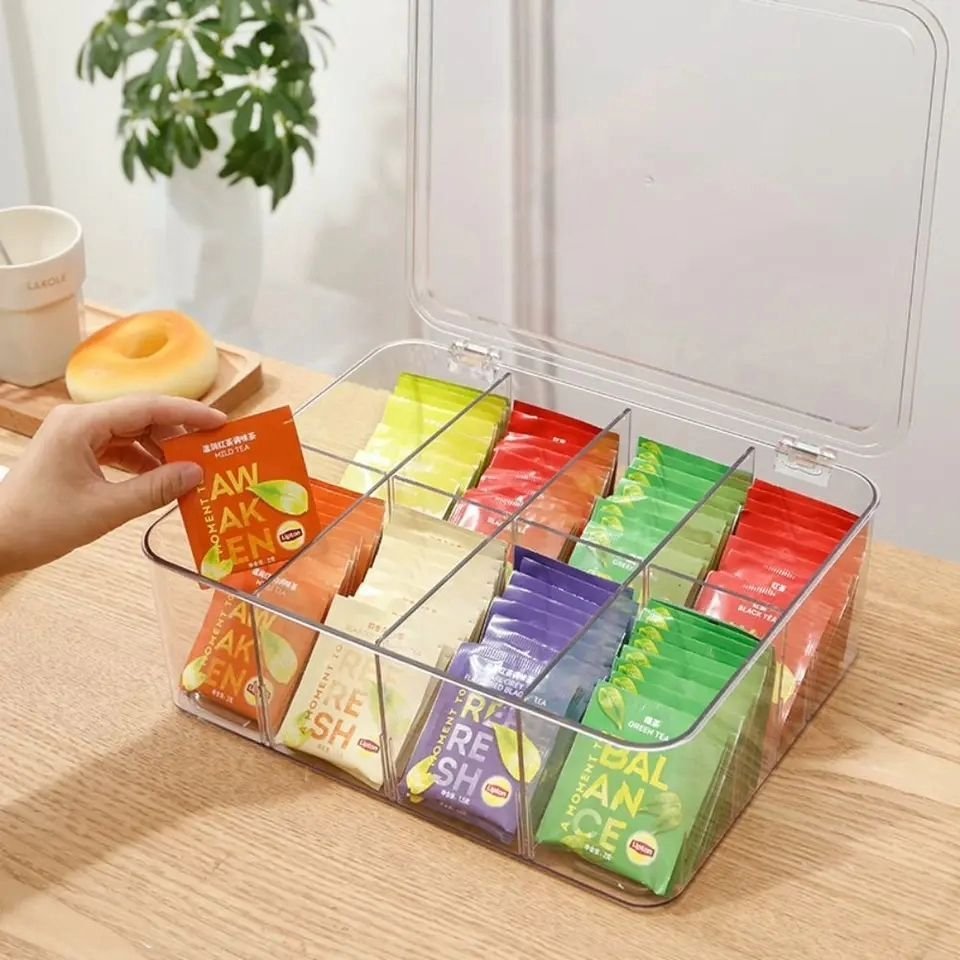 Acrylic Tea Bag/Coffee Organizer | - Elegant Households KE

_ _ _ _ _

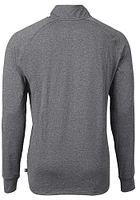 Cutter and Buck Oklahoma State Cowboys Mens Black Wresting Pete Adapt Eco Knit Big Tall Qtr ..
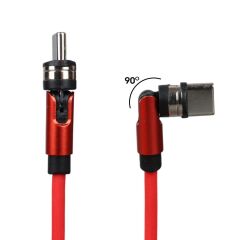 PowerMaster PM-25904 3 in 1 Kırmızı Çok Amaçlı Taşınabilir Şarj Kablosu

_ _ _ _ _

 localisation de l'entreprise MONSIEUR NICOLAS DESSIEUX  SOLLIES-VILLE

_ _ _ _ _

WHAT IS BEING ASKED:
In the entries above, find the line with "Cutter and Buck" and the line with "PowerMaster PM-25904 3". Return exactly those lines and all the ones between them, pictures excluded.

EXERCISE RESPONSE:
 Cutter and Buck Oklahoma State Cowboys Mens Black Wresting Pete Adapt Eco Knit Big Tall Qtr ..
 PowerMaster PM-25904 3 in 1 Kırmızı Çok Amaçlı Taşınabilir Şarj Kablosu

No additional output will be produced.